DESAFIO DOS NOVE FILMES DESCONHECIDOS - #09: “NÃO LIGUE PARA ELE... ELE É UM HOMOSSEXUAL!”

Ufa, com este filme esloveno, a maratona chega ao fim. E, para a minha intensa decepção, “Uma Viagem” (2011, de Nejc Gazvoda) é horrível, preconceituoso, desagradabilíssimo!

 Quando li a sinopse do filme, ele me pareceu deveras interessante: “Ziva, Andrej e Gregor são melhores amigos desde o colegial. Gregor é um soldado prestes a embarcar numa missão para o Afeganistão. Ziva vai estudar no exterior. E Andrej odeia tudo – a começar por ele mesmo. No filme, eles resolvem fazer uma viagem para o litoral, assim como faziam em seus tempos de colégio”.

 Reli a tal sinopse após a audiência ao filme e, de fato, ela permanece interessante, mas os personagens são pessimamente construídos, os diálogos são ruins, a direção é pueril. Nos 10 minutos finais, uma injunção romântica chamou positivamente a minha atenção, mas já era tarde demais: o desagradabilíssimo personagem homossexual do filme me deixou iracundo. Ficar remoendo problemas da época de adolescência daquele jeito é o cúmulo! Nem o humor negro ensaiado na cena em que eles atropelam um gato funcionou (“sabe qual é o presente ideal para um bebê morto? Um gatinho morto!”)! A exposição do seio decepado da protagonista feminina, por outro lado, impressiona, de modo que a declaração silenciosa de amor definitiva entre ela e o soldado, na seqüência de despedida no aeroporto, encanta...

 É isso: maratona finda, hora de organizar outros projetos agora. Até breve com novos desafios!

 Wesley PC>

sexta-feira, 19 de outubro de 2012

DESAFIO DOS NOVE FILMES DESCONHECIDOS - #08: “EU QUERIA QUE MINHA MÃE FICASSE DOENTE PARA SEMPRE...”

Véspera de encerramento da maratona e o salto etário a que me submeti foi bastante vasto: de uma filmografia autoral, predominante européia e setentista, passei para um filme industrial, absolutamente globalizado, asiático e contemporâneo. Se, num primeiro momento, isto desencadeou decepções prévias, aos poucos “Sad Movie” (2005, de Kwon Jong-Kwan) foi conquistando a minha adesão espectatorial sincera e comovida.

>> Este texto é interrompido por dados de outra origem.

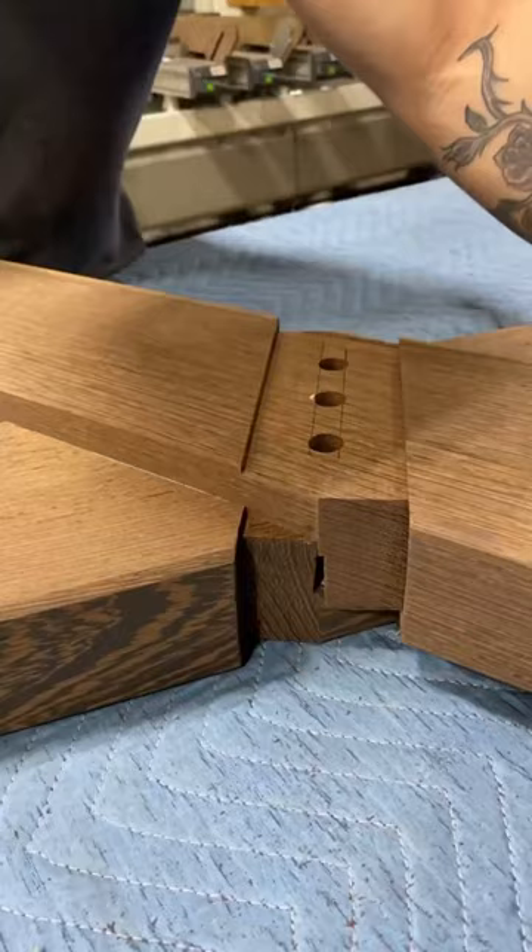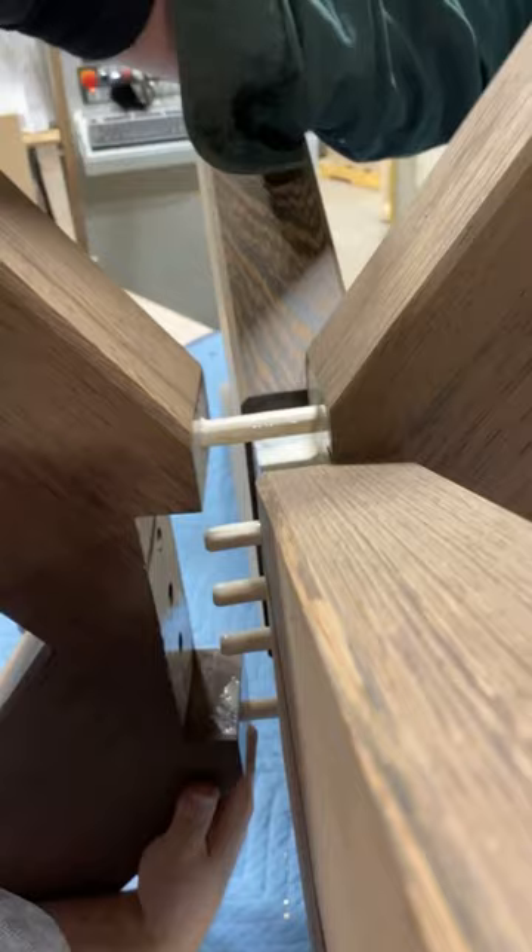We're using Titebond III again here to join all of these larger pieces together, and then we're using those same maple dowels that we used earlier just to give us some alignment and strength for this glue-up.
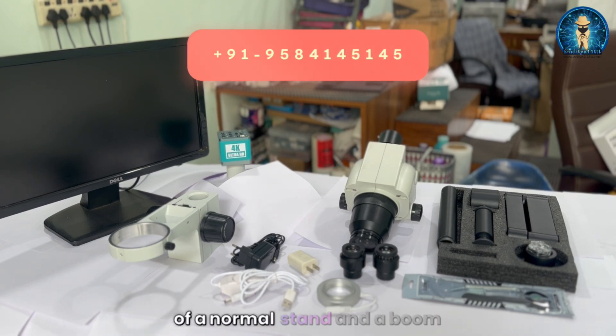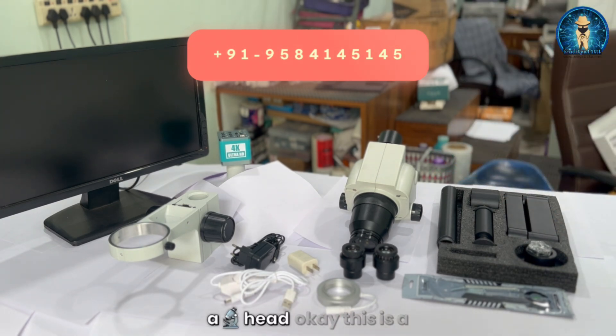The basic difference between a normal stand and a boom stand is that you have the flexibility of movement in the stand. There are various types of stands coming into the market that you can use as per your need, requirement, and space. We will start the video with the introduction of the set available in front of you — here you can see this is a microscope head.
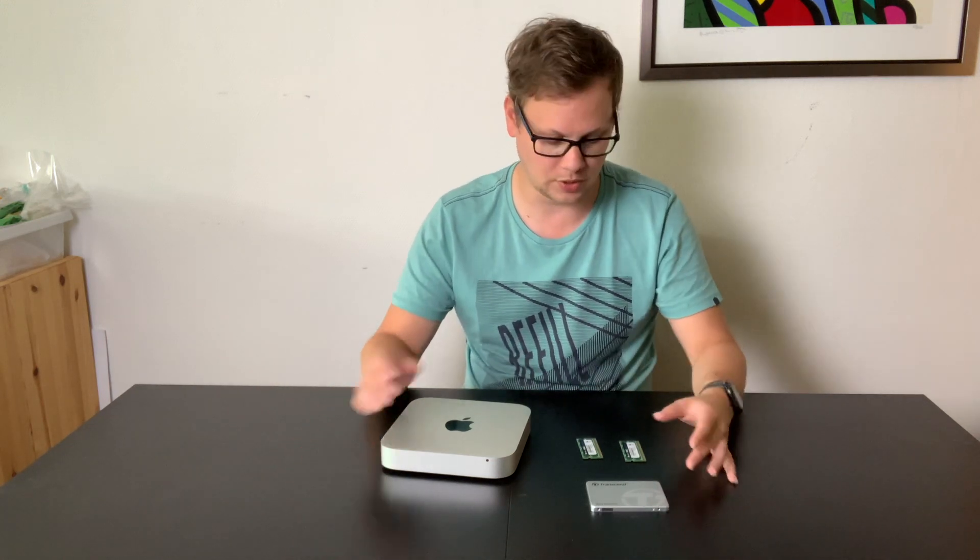The first thing we're going to do is replace the spinning hard drive with an SSD — this will really improve performance. We're also going to upgrade the RAM. Although macOS Mojave only needs 2 gigabytes of RAM to run, it's nice to have some extra headroom, so we're going to install 8 gigabytes in total.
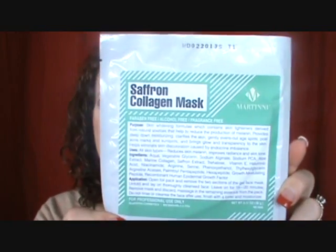Then we have the Saffron Collagen Mask. This is a skin whitening formula which contains skin lighteners derived from natural sources that help reduce the production of melanin, provides deep down moisturizing, clarifies the skin, and gently evens out age spots. Now all of those were a two-part mask. Then this one is the Lift Dermal Collagen Mask. This combats the visible signs of aging — wrinkles, sagging skin, and uneven tone. It tightens the facial contour, smooths and relaxes lines, and revives the complexion. This one is a sheet mask that goes from the face probably almost down to the décolleté.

 Formalmente assemelhado a produções românticas hollywoodianas típicas como “Idas e Vindas do Amor” (2010, de Garry Marshall) e “Matemática do Amor” (2010, de Marilyn Agrelo), com um ou outro momento rasteiro mais inspirado que emula “Magnólia” (1999, de Paul Thomas Anderson), este filme concatena quatro tramas interligadas básicas, conduzindo-as da felicidade inicial para a tristeza prometida no título...

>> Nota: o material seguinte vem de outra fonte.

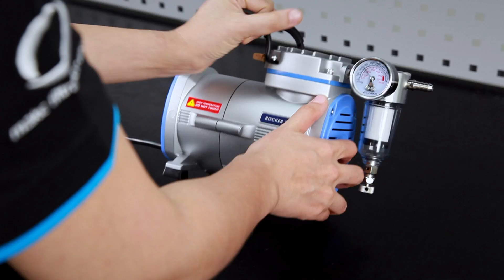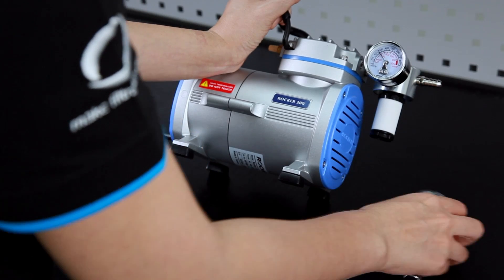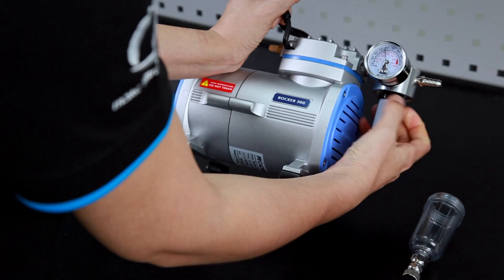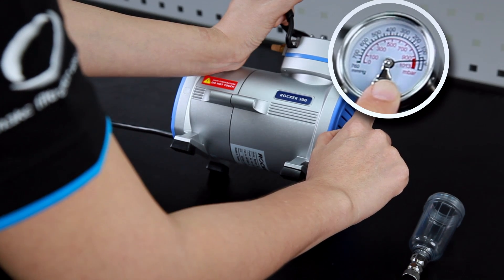First, remove the moisture trap and take the filtered cartridge out. You may notice that the vacuum level has resumed.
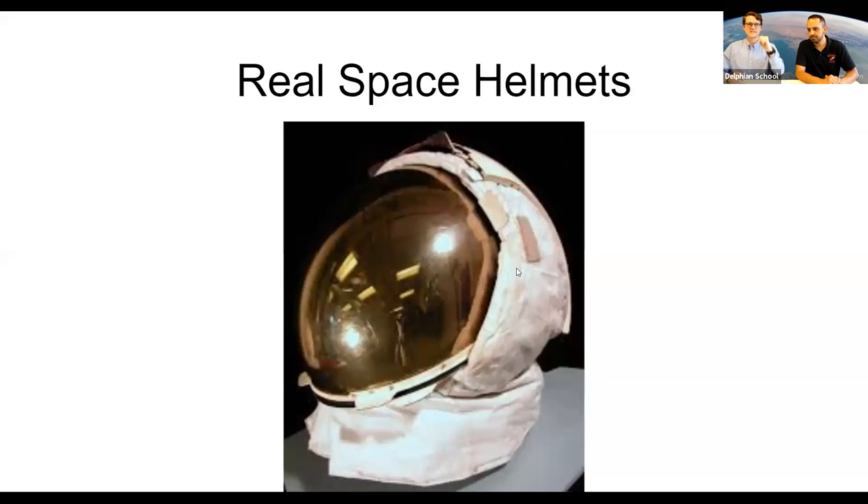The first helmet I'm going to show you is the Apollo space helmet. There's a slide up that says 'Real Space Helmets' with a picture of a real space helmet. Looks like we've fixed the slideshow issue — this happens all the time in space exploration. Something's going along fine and then it's not, and you need to use your mental skills and creativity to solve it. Mission accomplished!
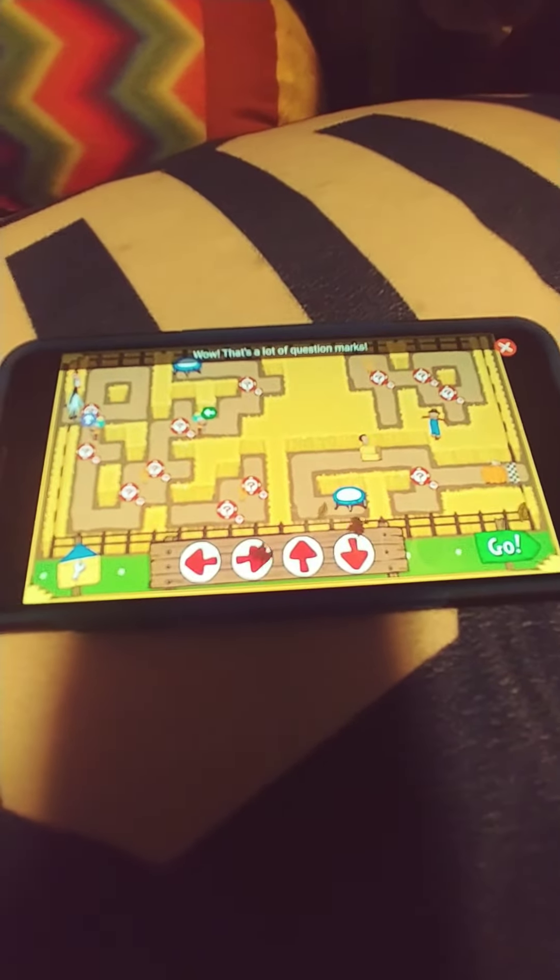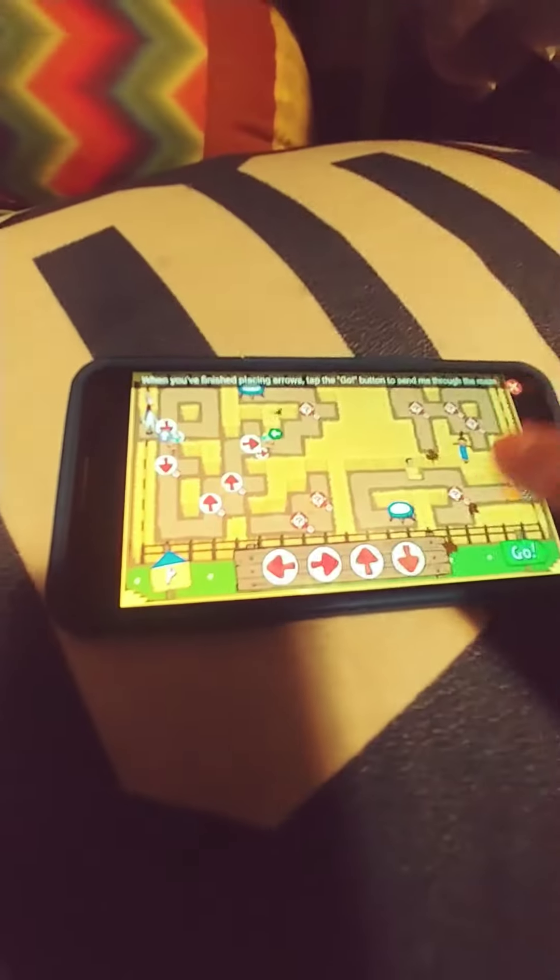Wow! That's a lot of question marks! If you want to make your maze simpler, you can always return to the maze creator using the wrench button. When you finish placing arrows, tap the go button to send me through the maze.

 As quatro tramas entrelaçadas são: a de uma tradutora de linguagem de sinais num telejornal, que é incapaz de assumir o seu amor pelo namorado bombeiro, constantemente à sombra de um resgate heróico; a irmã surda-muda dela, justamente salva de um incêndio pelo cunhado bombeiro, que trabalha fantasiada de boneca num parque de diversões e se apaixona por um desenhista que anseia por ver seu rosto; uma executada bastante ocupada que não percebe que seu filho está cada vez mais triste por sentir a sua falta; e o abobalhado namorado de uma atendente de supermercado, que, depois de não agüentar mais trabalhar como “saco de areia humano” para lutadores de boxe, resolve fundar uma “agência de separação”, onde se propõe a noticiar términos de relacionamentos amorosos a cônjuges que não têm coragem de encarar seus (des)afetos...

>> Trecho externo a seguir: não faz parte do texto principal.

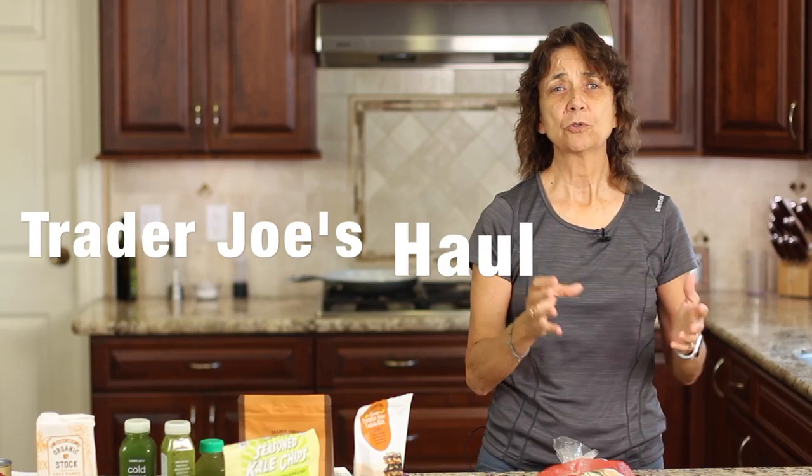Hey everybody, today we're doing something a little different. I am doing a Trader Joe's haul, but more specifically, I'm going to show you how to read labels. Just because you walk into a Trader Joe's or even a Whole Foods and start throwing things in your basket thinking that everything is healthy from that store — that's not the case. You've got to read labels so you know what you're putting in your body, what you're feeding your family.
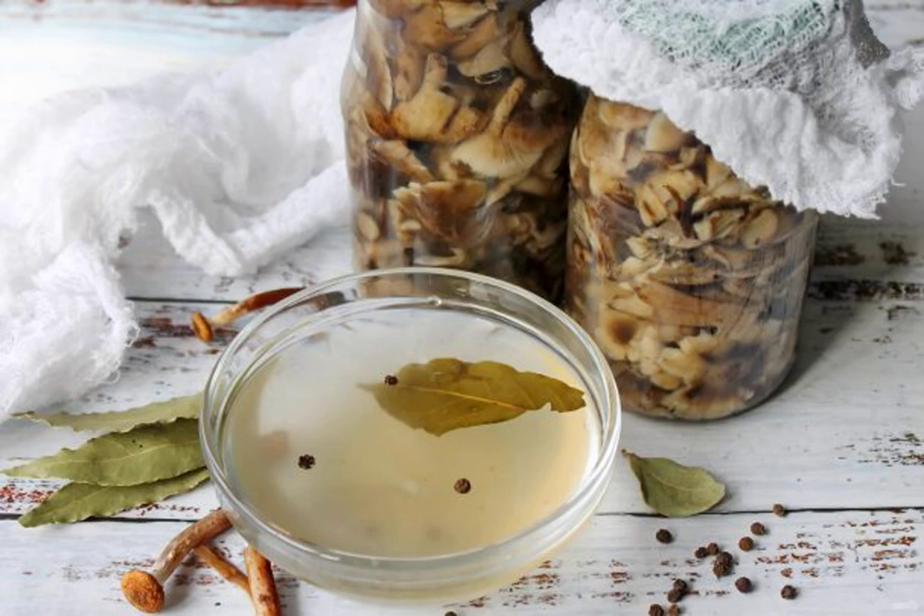Honey mushrooms are one of the most fragrant and dense mushrooms that you need to stock up for the winter. I offer my favorite brine for harvesting honeydew.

 Se, no início, esses núcleos temáticos são simpáticos e engraçadinhos, da mesma forma que as comédias românticas hollywoodianas com que muito se assemelham, aos poucos, o filme vai revelando a sua faceta original: após protelar por muito tempo a proposta de casamento em relação à co-apresentadora de telejornal que ama, o bombeiro morre num incêndio súbito; por sentir vergonha da queimadura que possui em sua face, a surda-muda reluta em mostrar o seu rosto para o seu amado e, quando o faz, descobre que ele viajará para outro país, entristecido por ela não poder falar; depois que sofre um acidente automobilístico e passa a se reaproximar de seu filho (inclusive, por causa da leitura de diários antigos que ele encontra guardado), a executiva descobre que está com um câncer estomacal terminal; e, num estratagema de obviedade bastante ingênua, o mensageiro de finais de relacionamento precisa notificar a si mesmo que sua namorada não quer mais ficar com ele...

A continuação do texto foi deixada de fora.